Figure 11 shows the recently proposed SR neural network (Yasuda et al. 2022) that can be used for the rainfall prediction map. Several input channels can be used to obtain the output, i.e., the HR rainfall map. For example, the HR topography map would definitely help to improve the accuracy of the SR. The SR neural network is to be trained by a set of HR and LR simulation results. The HR simulations would be performed on supercomputers at a high cost. In the operational stage, however, the LR simulation requires much less computational cost. This SR system is thus promising for real-time prediction services for local communities, which would not have large computational resources.

Fig. 11
figure 11

Squeeze-and-excitation super-resolution convolutional neural network (SE-SRCNN) for remapping low-resolution rainfall prediction maps into high-resolution ones. The labels above the rectangles of “Conv2D” display kernel size, number of filters, and stride size; for instance, “k9n64s1” means that the kernel size is 9 × 9, the number of filters 64, and the stride size 1 × 1. The image height h and width w are 64 in the present figure. The SE block is kept even when the number of inputs c is 1

For example, let us assume a two nesting layer simulation with a horizontal resolution of 8 and 2 km with 64 × 64 grid points. It takes 1 h for 25 h prediction on Intel Core i7 quadcore on 2.3 GHz, a common consumer CPU. This simulation provides the rainfall prediction map with a 2 km resolution for a 128 km × 128 km area with 24 h leading time. This 2 km resolution map can be super-resolved (upconverted) into a 500 m resolution map that can resolve individual mountain slopes. It takes only milliseconds for the conversion (i.e., inference), and it would not affect the leading time. In the end, the high-fidelity rainfall prediction map with 500 m resolution for 24 h ahead, which can be useful for local early warning systems, can be provided on a consumer PC.

5 Conclusions

We have described a recent development of our next-generation numerical weather prediction model –the Multi-Scale Simulator for the Geoenvironment (MSSG). MSSG is categorized as a global cloud-resolving model that can be used for both global and regional simulations with high resolution without the aid of cumulus parameterization. The examples have shown that MSSG has good prediction skills for the investigation of detailed orographic local rainfall. MSSG can thus be a promising numerical weather prediction model for early warning of landslides.

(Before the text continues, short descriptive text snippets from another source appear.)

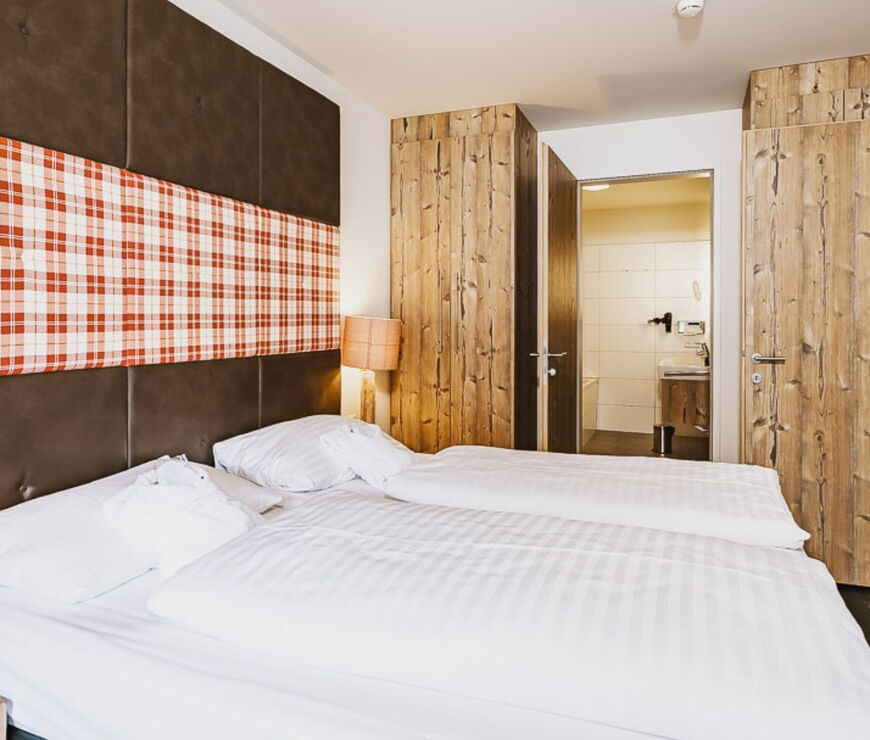 AvenidA Mountain Lodges Kaprun | 1-Bedroom Suite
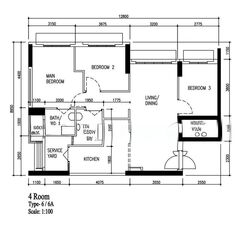 Blk 415B Waterfront I @ Northshore (Punggol), HDB 4 Rooms #569713481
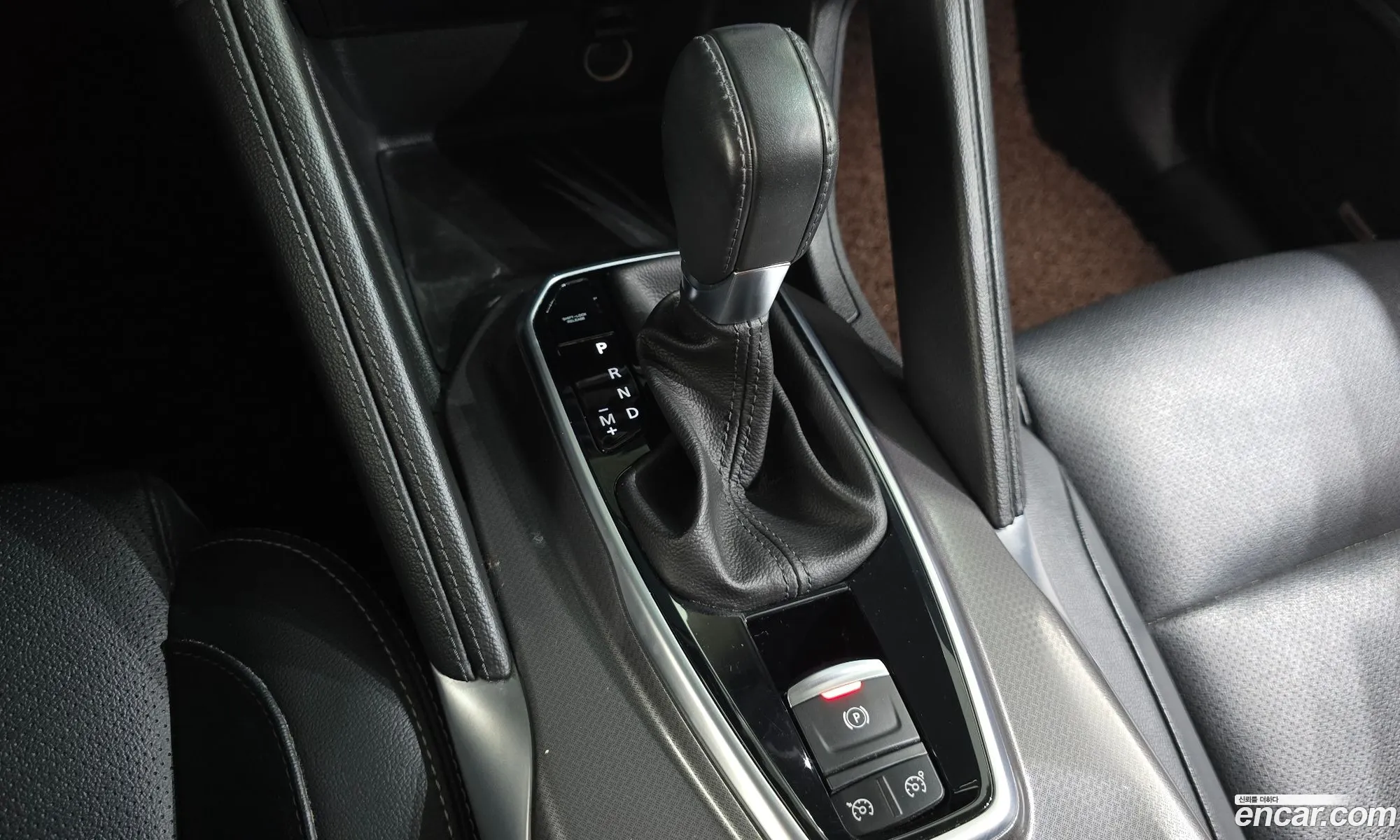 Renault Korea (Samsung) QM6 2017 — 17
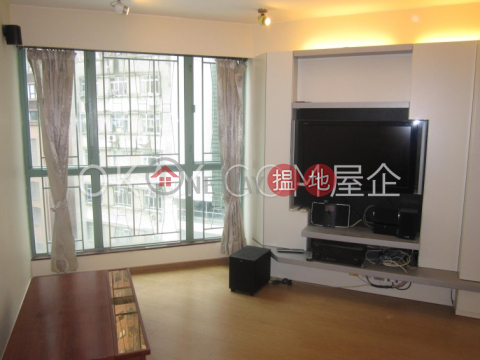 Nicely kept 3 bedroom in Mid-levels West | For Sale | Goldwin Heights 高雲臺 _0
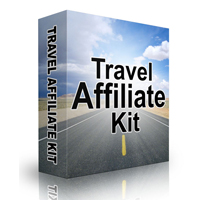 travel affiliate kit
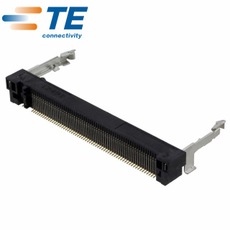 TE/AMP Connector 440360-2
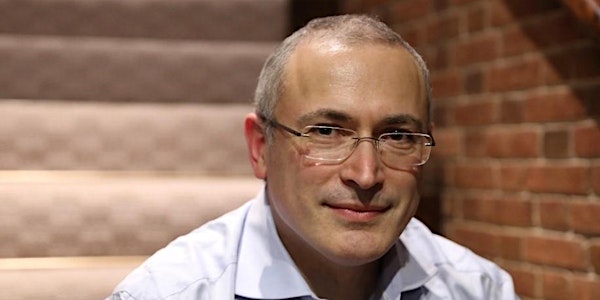 Lantos Rule of Law Lecture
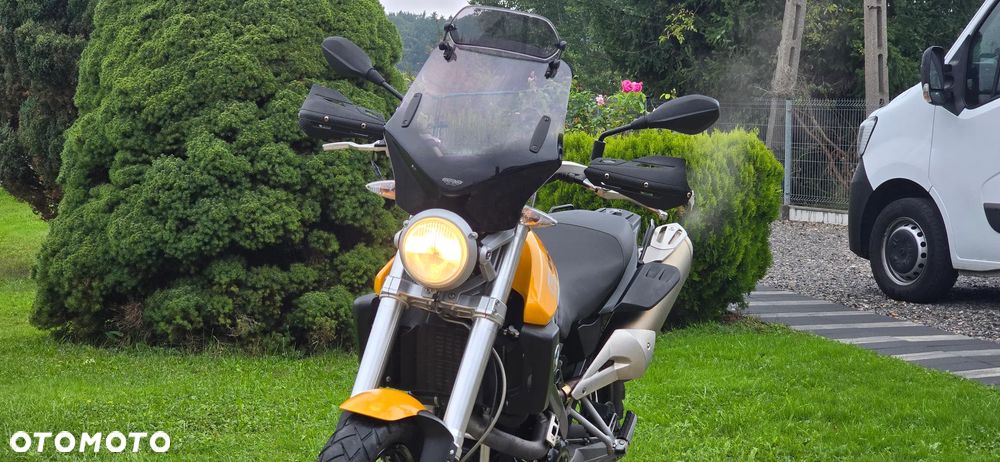 BMW G - 23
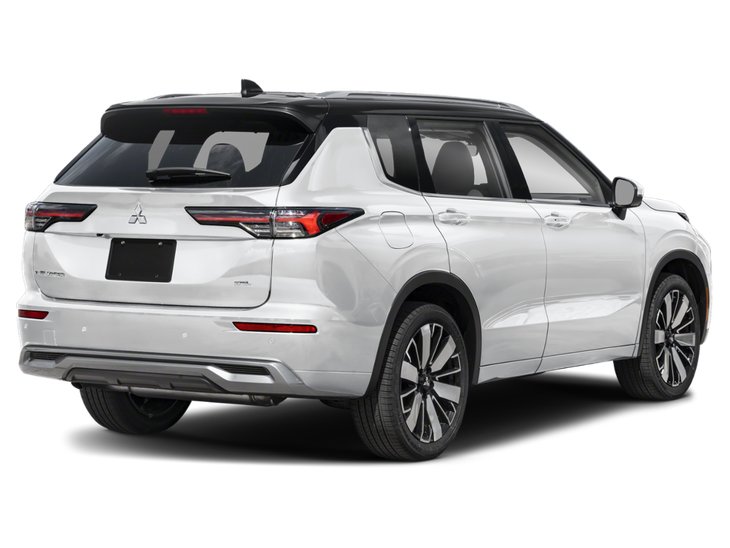 2025 Mitsubishi Outlander GT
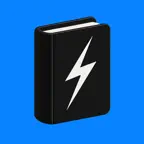 Book Social: Quizzes iOS Icon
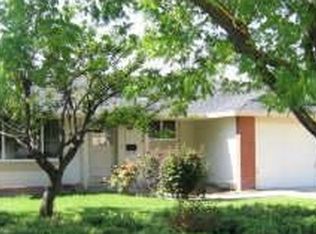 456 Ridgefarm Dr, San Jose, CA 95123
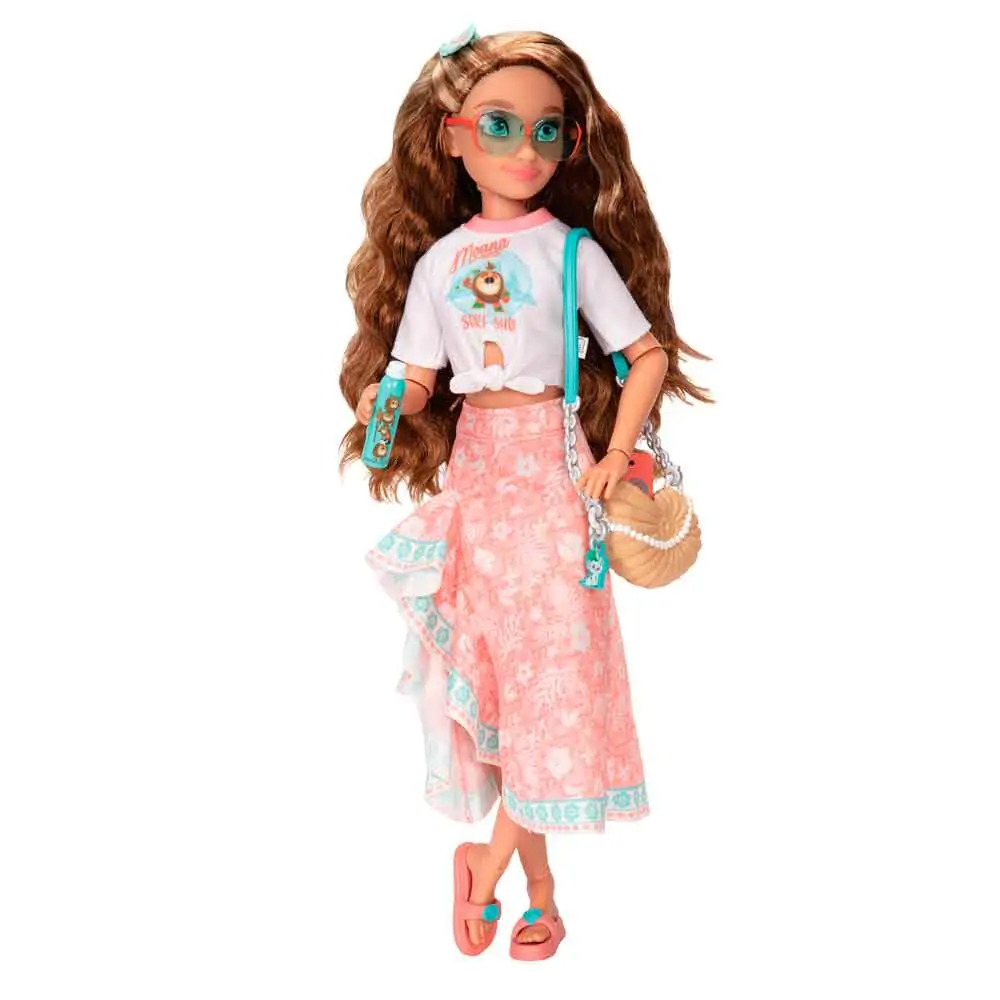 Disney Vaiana Moana ily 4Ever Lalka Fashion 25cm zdjęcie produktu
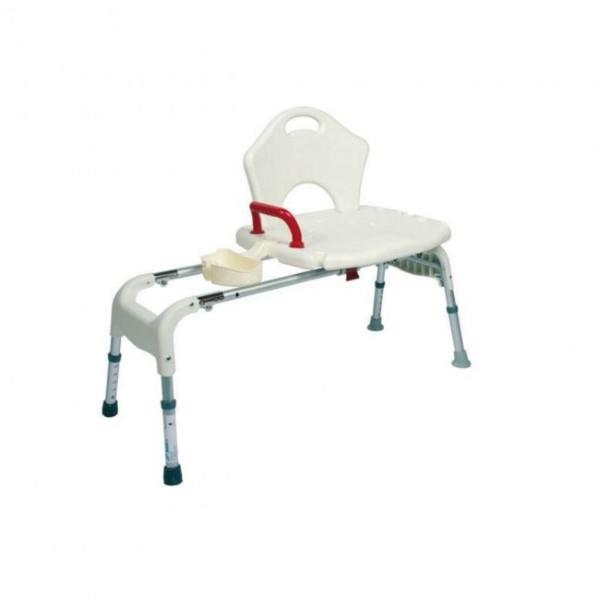 Sedile vasca  per disabili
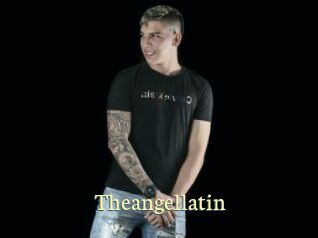 Theangellatin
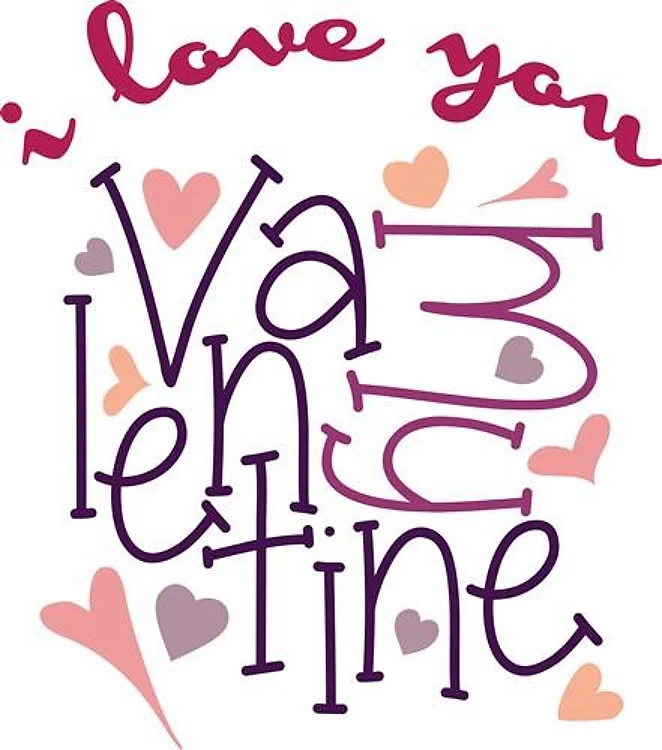 I Love You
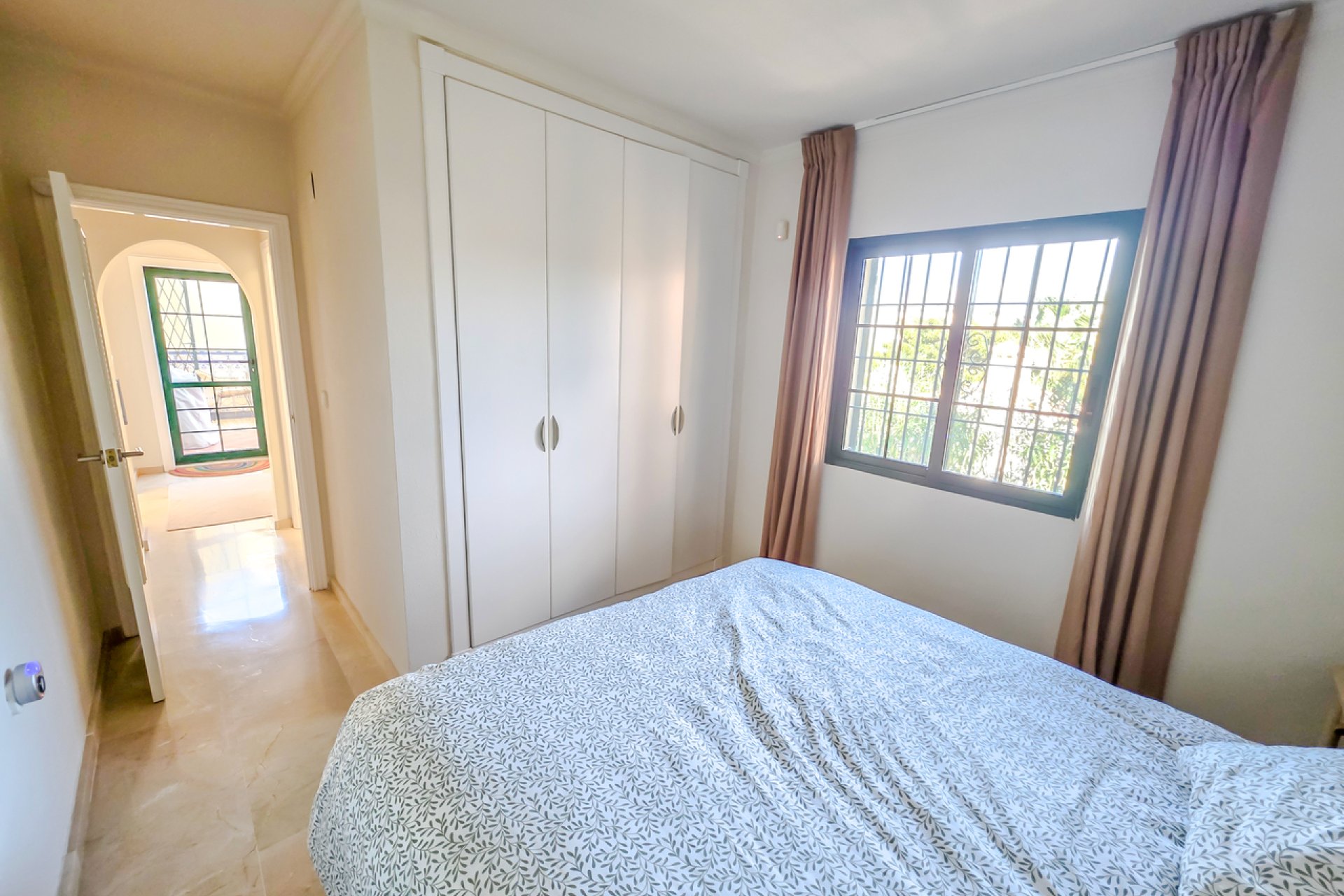 Revente - Villa -
Los Dolses - Inland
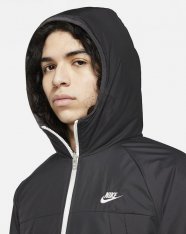 Куртка Nike Sportswear Therma-FIT Legacy DH2783-010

MSSG has successfully reproduced heavy rains associated with typhoons and a band-shaped precipitation system (Senjo-Koutai in Japanese). The turbulence-aware cloud microphysics model has been implemented in the MSSG. This can bring the extra ability of reliable predictions of orographic rainfall to MSSG.

In order to reproduce local orographic rainfall, the simulation needs enough fine resolutions with O(100 m) to resolve individual local slopes. In the case of an early warning system for a local community, the system should preferably be compact like a desktop PC. The feasible rainfall forecast simulation will have O(1 km) horizontal resolutions, much coarser than O(100 m) resolutions, due to the limited computational speed. The super-resolution simulation system, which relies on recent machine-learning technologies, can help obtain high-resolution rainfall prediction maps that can resolve individual slopes in short operational cycles.

We now have the MSSG and the super-resolution simulation system. The high-resolution rainfall prediction maps can be obtained in real-time, e.g., 24-h rainfall forecast maps can be updated in an hour. The rainfall prediction maps are then transferred to the landslide simulation model and to the early warning system. We hope this integrated system will help construct a safe society free from victims due to landslides.